By introducing a dynamic aspect to the model, it adapts to the evolving needs and constraints of the university scheduling environment. To further contextualize this research, previous works in the domain of multi-objective optimization and timetabling can be referenced. For instance, studies by Burke et al. (2019) and Li et al. (2021) delve into multi-objective optimization techniques for timetabling, providing valuable insights that can inform the development of the proposed model. Additionally, the work of Smith and Jones (2020) on incorporating sustainability considerations in scheduling processes serves as a relevant foundation for integrating environmental concerns into the proposed model.

Internship subject

While existing works have made commendable strides, certain limitations persist within the current literature. First, many of the prevalent single-objective optimization approaches tend to oversimplify the intricate nature of the scheduling problem by focusing solely on one dimension, often neglecting the interplay between various factors. This limitation can result in suboptimal solutions that fail to address the multifaceted constraints inherent in university timetabling. Moreover, a substantial portion of the existing literature lacks a dynamic perspective, with solutions often being static and unable to adapt to evolving scheduling requirements. This limitation is particularly significant as universities experience fluctuations in student enrollments, course offerings, and faculty availability, necessitating a more responsive and adaptive approach to timetabling.

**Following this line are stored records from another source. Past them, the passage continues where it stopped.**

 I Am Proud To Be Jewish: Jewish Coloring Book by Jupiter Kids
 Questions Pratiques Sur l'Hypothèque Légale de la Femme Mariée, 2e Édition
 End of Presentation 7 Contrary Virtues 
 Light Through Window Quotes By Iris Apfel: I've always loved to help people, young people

Additionally, the current body of work in university timetabling tends to underemphasize the integration of emerging considerations such as environmental sustainability and transportation efficiency. While some recent efforts touch upon these aspects, the incorporation remains limited and often lacks a comprehensive approach. Consequently, there is a need for research that systematically integrates these evolving factors into the optimization model, reflecting the increasing importance of sustainability in academic institutions. Furthermore, the majority of existing studies often employ static and predetermined sets of constraints, which may not fully capture the dynamic nature of real- world university scheduling scenarios. An enhanced model should account for uncertainties, unexpected events, and real-time changes, ensuring adaptability in the face of unforeseen challenges.

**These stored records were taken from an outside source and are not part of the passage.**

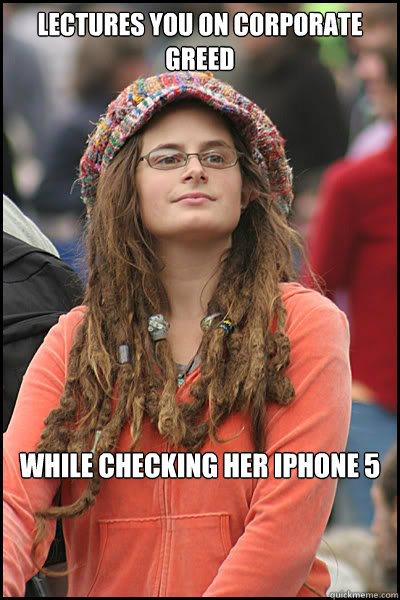 Lectures you on corporate greed While checking her iphone 5  College Liberal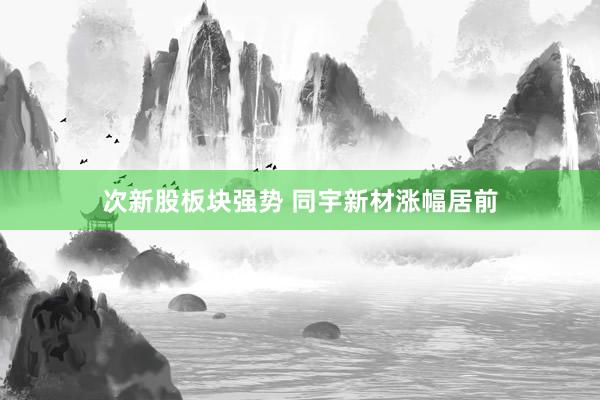 次新股板块强势 同宇新材涨幅居前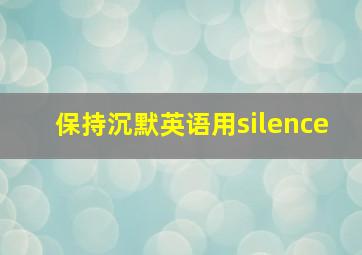 保持沉默英语用silence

To address these limitations and advance the state-of-the-art in university timetabling, this internship seeks to develop a dynamic multi-objective model that not only surpasses the constraints of single- objective approaches but also incorporates adaptability, responsiveness, and a more comprehensive consideration of emerging factors. By doing so, this research aims to contribute significantly to the ongoing discourse and pave the way for more effective and resilient university timetabling solutions, while considering ridesharing maximization.

The intern will formulate the timetabling problem as a mixed integer linear/nonlinear program incorporating objectives like pollution reduction, carpooling usage maximization, congestion minimization and modal shift incentives. Simulation and sensitivity analysis will be used to evaluate model performance under uncertainty and identify key decision drivers. The solution approach may integrate metaheuristics or decomposition techniques

Work program

The internship will start in the first month with an immersive dive into the existing body of knowledge surrounding university timetabling, and ridesharing issues. This initial phase involves an extensive literature review, delving into seminal works by prominent researchers in the field. Simultaneously, the problem space is meticulously defined, outlining the objectives and challenges associated with university timetabling.

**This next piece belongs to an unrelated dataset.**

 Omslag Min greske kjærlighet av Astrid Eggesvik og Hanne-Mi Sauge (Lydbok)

The second month marks a pivotal transition to the hands-on phase of the internship. Here, the focus shifts to the design and implementation of a dynamic multi-objective model tailored to address the identified gaps and challenges (ie., timetabling with carpooling usage maximization).

Building upon this foundation, the third month is dedicated to the development of simulation tools and sensitivity analysis components. These components serve as crucial assets, enabling a comprehensive examination of the model's responsiveness and adaptability under various scenarios.

Moving into the fourth month, the internship takes on a more technical dimension with a focus on algorithm development and testing. Advanced optimization algorithms are explored and implemented to enhance the model's efficiency, ensuring its applicability to real-world, large-scale university scheduling instances.

In the fifth month, the spotlight turns to model validation, sensitivity analysis, and an in-depth analysis of results. This critical phase involves rigorous testing and validation against real-world data, providing valuable insights into the model's performance and limitations.

The conclusive sixth month is dedicated to synthesizing the comprehensive findings into a well- documented final report. Additionally, the intern has the opportunity to share their insights, methodologies, and outcomes with the broader academic community through a conference presentation, contributing to the ongoing discourse and advancement of knowledge…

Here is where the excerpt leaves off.